My study for the day was titled, "Arriving : A Hopeful Glimmer." At this point in the study, Ruth and Naomi were arriving at their new destination. For Naomi, it was a home she had left long ago, for Ruth it was new and unfamiliar. I was prompted with a question: "Have you prayed or waited for something for a long season? If so, have you seen a glimpse - no matter how small - that God is working?" As I thought about the number of years Eric and I had spent in prayer about whether or not farming was a lifestyle meant for us, I read the portion of the study that brought Ruth to her new home in Bethlehem as the barley harvest was beginning. As harvest was beginning... these words settled on my brain like magical pixie dust and before I knew what I was doing or saying I had Eric on the phone and was informing him of the revelation I just had. We would be living in Illinois by harvest time. I felt it in my bones. There was no doubt in my mind. God had given me a picture that exploded in my mind like a watercolor painting in motion. I saw me and my boys, watching Eric in the fields as he harvested the corn. God had given me a glimpse. A hopeful glimmer.

As I wrapped up my study and went about the rest of my day, I felt such peace. I couldn't believe it. We'd be moving in just a few months. How would all this work out? I had no idea, but for the first time in years, I knew it was right. I knew it was from God.



By 2:30 in the afternoon, another hail storm has passed. The sirens had wailed at least six more times. My parents were coming over for dinner, so I had just finished searing a beautiful roast, drowned it in some really good wine in my dutch oven, threw in some fresh rosemary and thyme and placed it in the oven. The house smelled AMAZING. At 4pm, I was on the phone with my mom when the sirens went off for the 14th time that day. As I was speaking to her, I lost power in the house. She informed me that she had lost power too. There went the roast. I hung up with her just as my phone died and went to peek in on Gabe, who was asleep in his room. I headed for the window in my bedroom which gave me the best eastern view of the sky. My heart stopped beating.

The sky was an eery fluorescent green color, with a long, dark gray cloud that cut straight across the horizon like the blade of a knife. The cloud then dipped drastically towards the ground, making contact with the earth in a place I could not see. I ran through the house to look out the front windows but the rain was hitting the house sideways like someone was standing in front of it with a fire hose and I couldn't see a thing. The rhythm of the wind pushing against the house was like that of a propeller blade - a whoosh, whoosh, whoosh... relentless and strong. Panic set in quickly. We had nowhere to go. Our ranch style house was sitting on a slab of concrete. I stood in the middle of my living room, watching the tall oak trees in my back yard bend and sway. It was as dark as night outside.

Lord, is this it? Is that a tornado out there? We have nowhere to go... nowhere to stay safe. God, please protect us!! Anchor the trees in our yard. Don't let them fall on us. Lord, keep the walls of our house strong! Jesus, please protect us!

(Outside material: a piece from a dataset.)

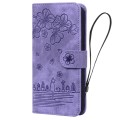 For iPhone 15 Cartoon Sakura Cat Embossed Leather Phone Case(Purple)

I remember crying as I prayed, the words pouring out with fear and worry. And then it hit me like a wave and washed over me from head to toe... peace. The storm was raging outside, the pictures on the walls rattling... but my heart was still. And I heard Him whisper to me...

Did I not just give you a glimpse of where you will be at harvest time?

Yes. Yes, He had given me a glimpse! I saw ALL of us in that glimpse. We were all there, standing amidst the harvest that my husband was currently sowing. Tears of fear turned to tears of relief, and I knew in that moment that Gabe and I were going to be ok. That hopeful glimmer was all I needed.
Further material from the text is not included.